Las imágenes se suceden y la de hoy podría ser la de ayer, la de hace tres meses o la de hace 20 años. Todas son iguales. Todas, como un dramático duplicado de otras anteriores. Los cuerpos bombardeados, ametrallados o tendidos en el suelo tras el único y limpio disparo de un tirador de élite. El niño asesinado en la calle, aún aferrado a la galletita que llevaba en la mano; el joven arrestado, esposado, desnudado y ejecutado; los cuerpos de hombres y mujeres sacados de entre los escombros; los de bebés que apenas se distinguen entre los brazos de quienes les lloran con la ira, la impotencia y el dolor inmenso de un pueblo que sufre mucho más de lo que nunca seremos capaces de imaginar.
Palestina es un campo de concentración.

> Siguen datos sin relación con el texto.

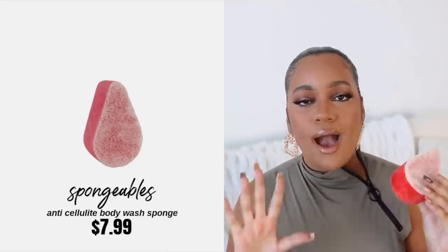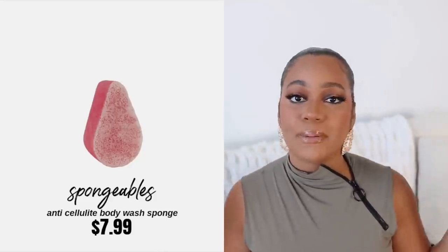I like to use this everywhere that I shave — in the crevices, on the armpits, on the arms. I've been noticing my skin is so much softer and just amazing. And a life-changing thing to have in your shower is this cellulite buffering exfoliating tool. I like to use this on my bum, on the back of my legs, behind my knees, on my arms. Honestly, I have cellulite everywhere — it's just a part of being a woman.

Las vidas de los palestinos pertenecen al Ejército israelí como antes pertenecieron las de los judíos a las SS. Con el francotirador sionista que desde un tejado dispara a la cabeza de una niña de 12 años, con los tanques entrando en Beit Hanun, con el goteo de muertos o con las grandes operaciones militares; con el cierre total de Gaza y Cisjordania, con los asentamientos judíos; con Avigdor Lieberman como ministro de Asuntos Estratégicos, que sostiene el mismo ideario de limpieza étnica que alimentaba Heinrich Himmler; con el bloqueo; con el pueblo palestino confinado y diezmado, sometido a años de masacres, razzias, hostigamientos y represalias, Israel recrea en Palestina Auschwitz, Treblinka o Dachau.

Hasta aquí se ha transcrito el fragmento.